### Task requirements
Return the lines that run from the line containing "Fear of God" through the end of the entries, both ends included. Leave out all pictures.

### Provided entries
--- START ---

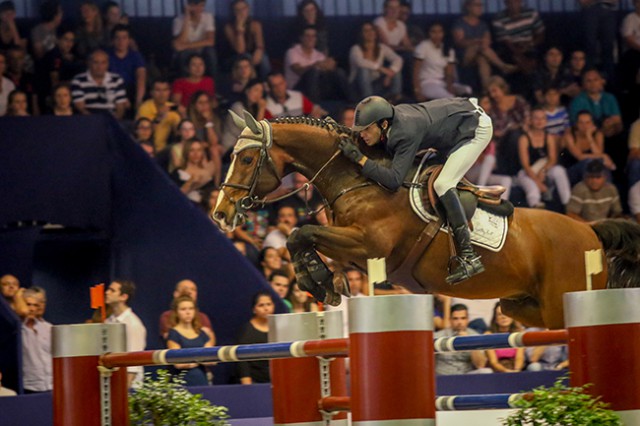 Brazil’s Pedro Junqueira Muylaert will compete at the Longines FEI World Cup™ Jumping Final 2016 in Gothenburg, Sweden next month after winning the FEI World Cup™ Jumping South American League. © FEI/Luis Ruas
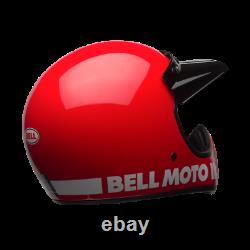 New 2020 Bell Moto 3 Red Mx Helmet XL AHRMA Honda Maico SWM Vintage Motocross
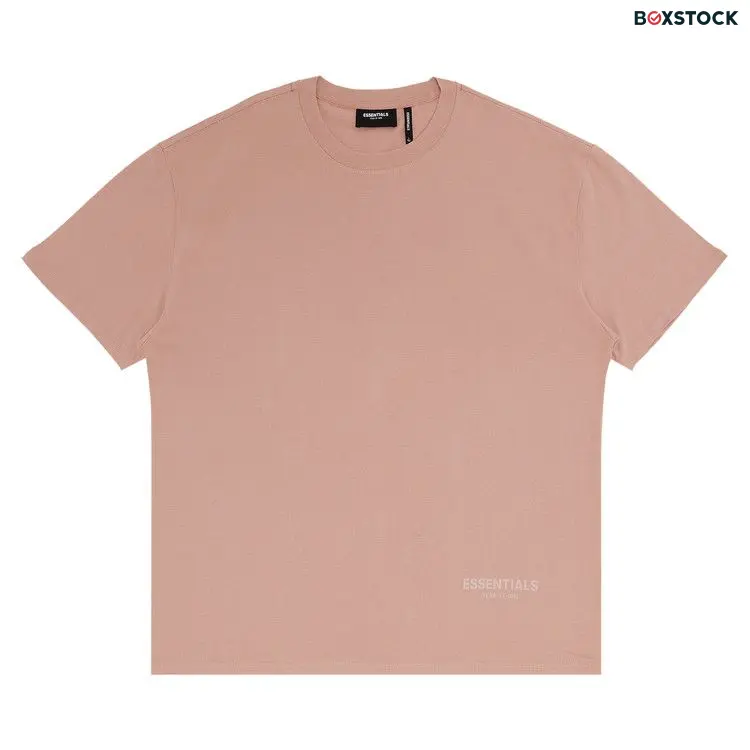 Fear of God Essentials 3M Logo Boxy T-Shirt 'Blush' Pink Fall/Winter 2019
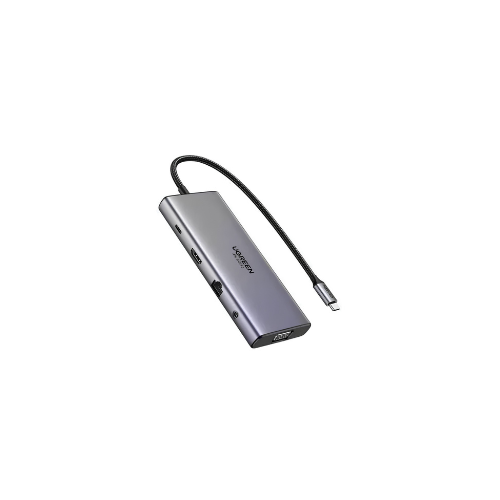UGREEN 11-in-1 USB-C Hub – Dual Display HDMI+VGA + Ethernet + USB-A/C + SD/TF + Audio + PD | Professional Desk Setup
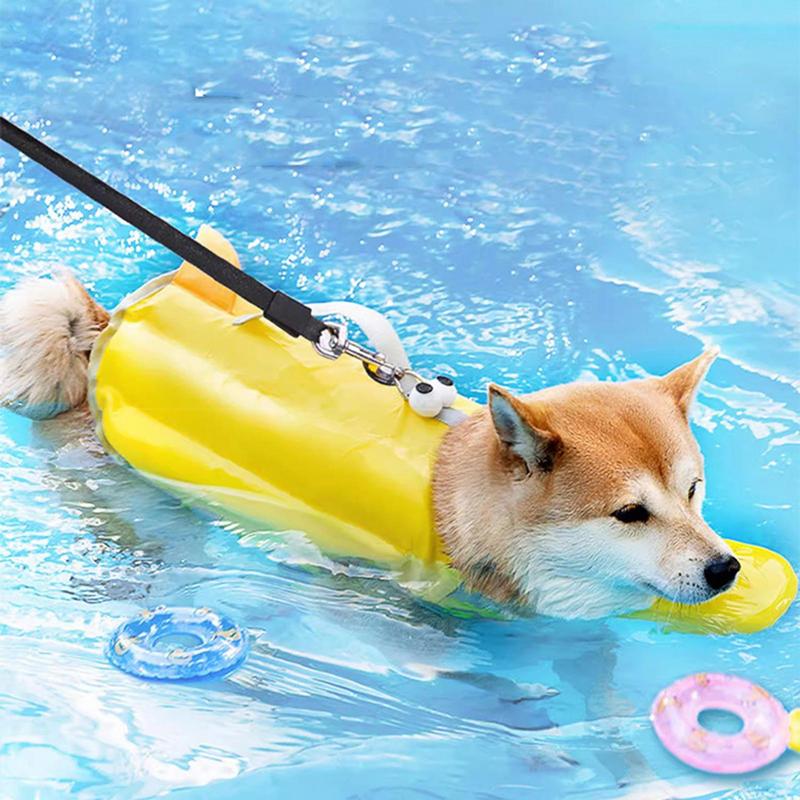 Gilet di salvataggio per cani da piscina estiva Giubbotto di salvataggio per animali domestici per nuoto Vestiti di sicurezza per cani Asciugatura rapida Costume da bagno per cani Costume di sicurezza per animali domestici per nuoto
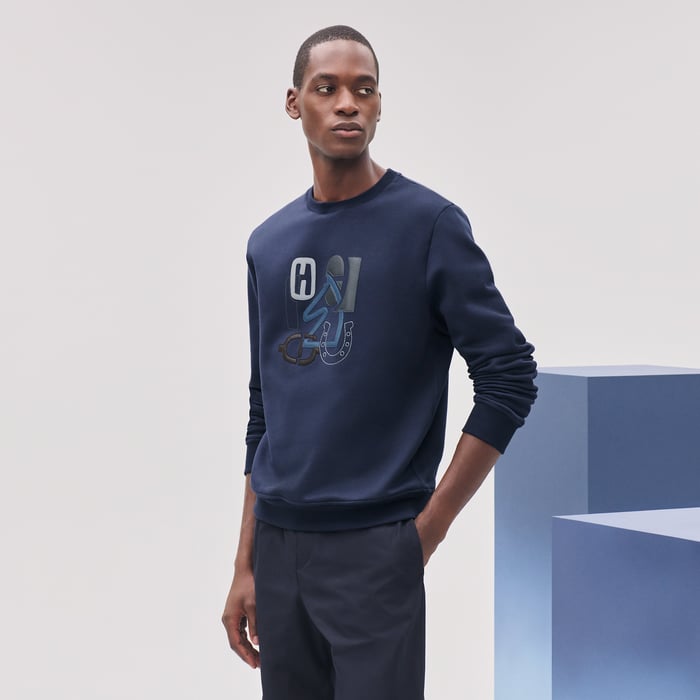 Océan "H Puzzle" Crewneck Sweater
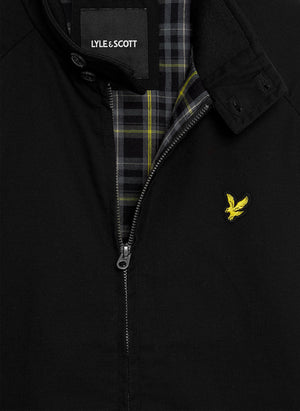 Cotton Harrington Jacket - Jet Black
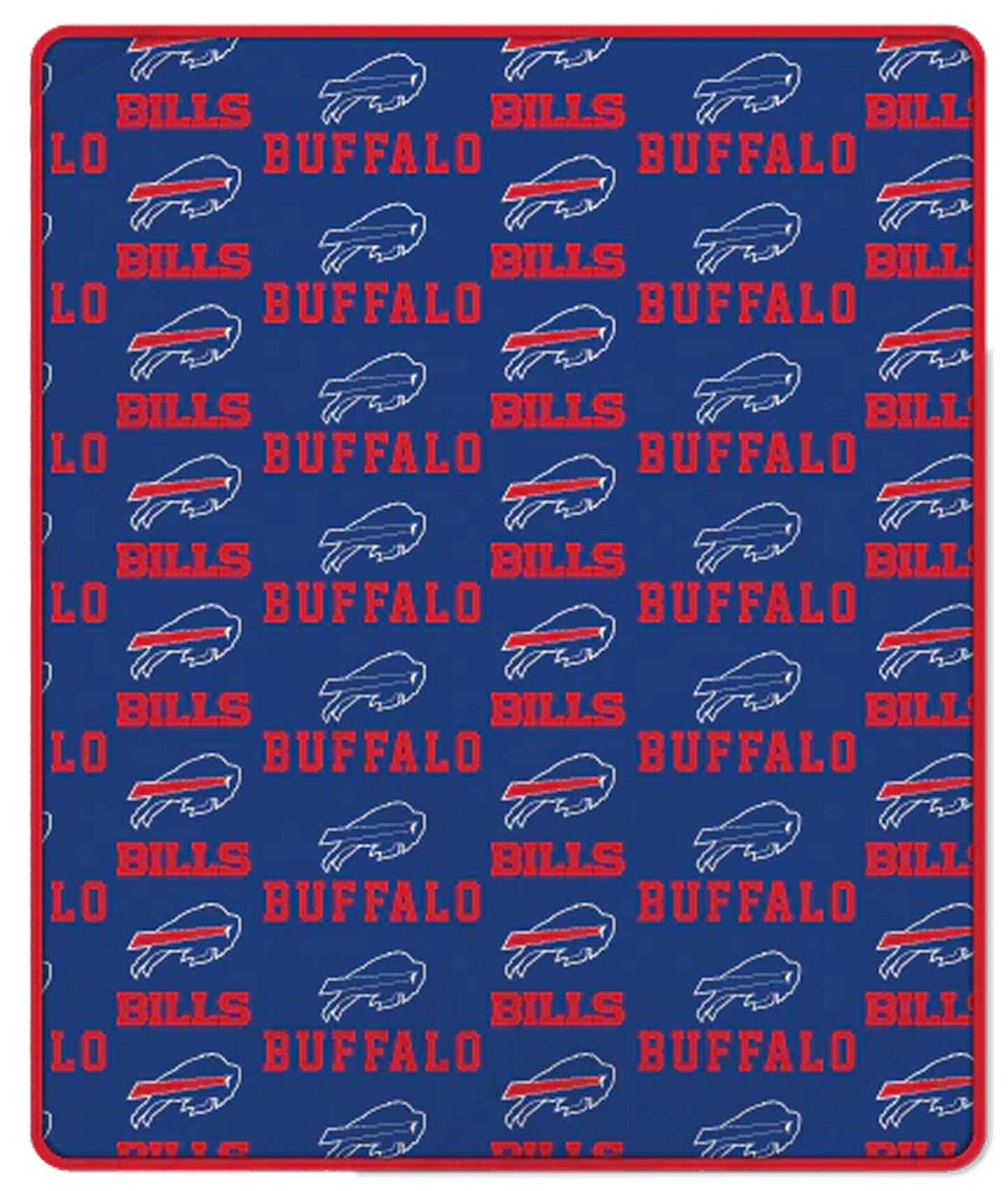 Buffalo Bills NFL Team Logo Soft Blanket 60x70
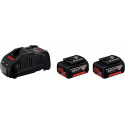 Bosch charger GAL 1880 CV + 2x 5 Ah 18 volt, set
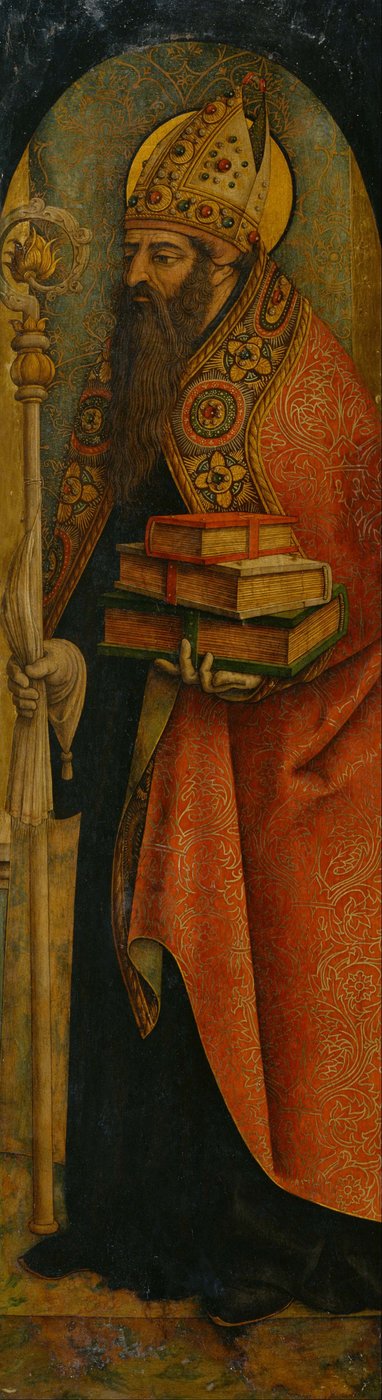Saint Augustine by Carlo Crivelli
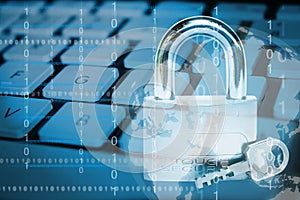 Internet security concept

--- END ---

### Written answer
 Fear of God Essentials 3M Logo Boxy T-Shirt 'Blush' Pink Fall/Winter 2019
UGREEN 11-in-1 USB-C Hub – Dual Display HDMI+VGA + Ethernet + USB-A/C + SD/TF + Audio + PD | Professional Desk Setup
 Gilet di salvataggio per cani da piscina estiva Giubbotto di salvataggio per animali domestici per nuoto Vestiti di sicurezza per cani Asciugatura rapida Costume da bagno per cani Costume di sicurezza per animali domestici per nuoto
 Océan "H Puzzle" Crewneck Sweater
 Cotton Harrington Jacket - Jet Black
 Buffalo Bills NFL Team Logo Soft Blanket 60x70
 Bosch charger GAL 1880 CV + 2x 5 Ah 18 volt, set
Saint Augustine by Carlo Crivelli
 Internet security concept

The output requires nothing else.